In August he put out a new song and video called 'Light It Up' which was picked up for use in 'Body Language', a movie in which Brainpower also plays a small role as a cab-driver. The movie hit #1 in the Netherlands. 30 September saw the release of a new song "People", the first single of the upcoming album, for which the accompanying video was shot in New York.

2012
In 2012 Brainpower performs in Europe & the Dutch Caribbean and releases several tracks, like 'Sometimes' (also featured in the 'Body Language' movie), plus two collaborations in Dutch: 'Een Mooi Bericht' ft Anthony Heidweiller, a collab with an opera singer via the world renown Concertgebouw, one of the best venue's in the world.
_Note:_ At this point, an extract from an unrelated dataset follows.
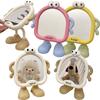 1PC Big Eyes Cute Makeup Mirror, Desktop Decorative Mirror Student Dormitory Portable Small Mirror, Adjustable Angle High Definition Mirror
In the summer of 2012 he dropped the free EP 'The New York Sessions' featuring Jean Grae, Mr Len, Ced Gee of the Ultramagnetic MC's & more. The same year, he became an Ambassador for F.E.L.I.S. A Multi Functional center in Curaçao (Dutch Caribbean) that helps to support children and also combats short term and long term poverty. Famous Surinam/Dutch TV personality Jorgen Raymann fully supports Brainpower & F.E.L.I.S. Even Rohan Marley, son of reggae legend Bob Marley donates some stuff to the Foundation.
He served as an ambassador for the National Sports Week in the Netherlands, motivating the youth to work out.

Brainpower gets his first Hollywood movie placement in August 2012. On 24 August, the movie Thunderstruck is released in the US. It features one of Brainpower's unreleased songs.

2013
On 10 December, the Collabs EP, a collection of songs, recorded with some of the many great artists Brainpower grew up listening to, was released. On November 15, one of Brainpower’s songs, Mijn Manier, was featured on the podcast Welcome To Night Vale as the weather for the episode Lazy Day.

2014
He worked with DJ duo Moombahteam on the song 'Drop That Kick' - the song gets a warm reception is a success even ending up at #3 in the iTunes top 100 in Cambodia. After playing festivals in the summer of 2014, Brainpower releases his new single "Troubled Soul" on 3 October. The song's rap lyrics were all written by Brainpower himself, lyrics for the book were written by Brainpower & TJ, and produced by himself and TJ. The video for this song is actually a short film written and directed by upcoming director Ruwan Heggelman. On 17 December, a new single (and video) called "Rock" was released.

2015
Both singles are taken from the new album Determination, released by 19 January 2015. On 6 February, his 2005 album, Even Stil was released in the Universal Music Deluxe Edition series.  
Both the new album and the re-issued one entered the Top 100 charts. On 27 February, a new video is released for the song "Don't Let Go" ft Keith John. Brainpower has wrapped up a 75 date tour that ended on 1 June 2015.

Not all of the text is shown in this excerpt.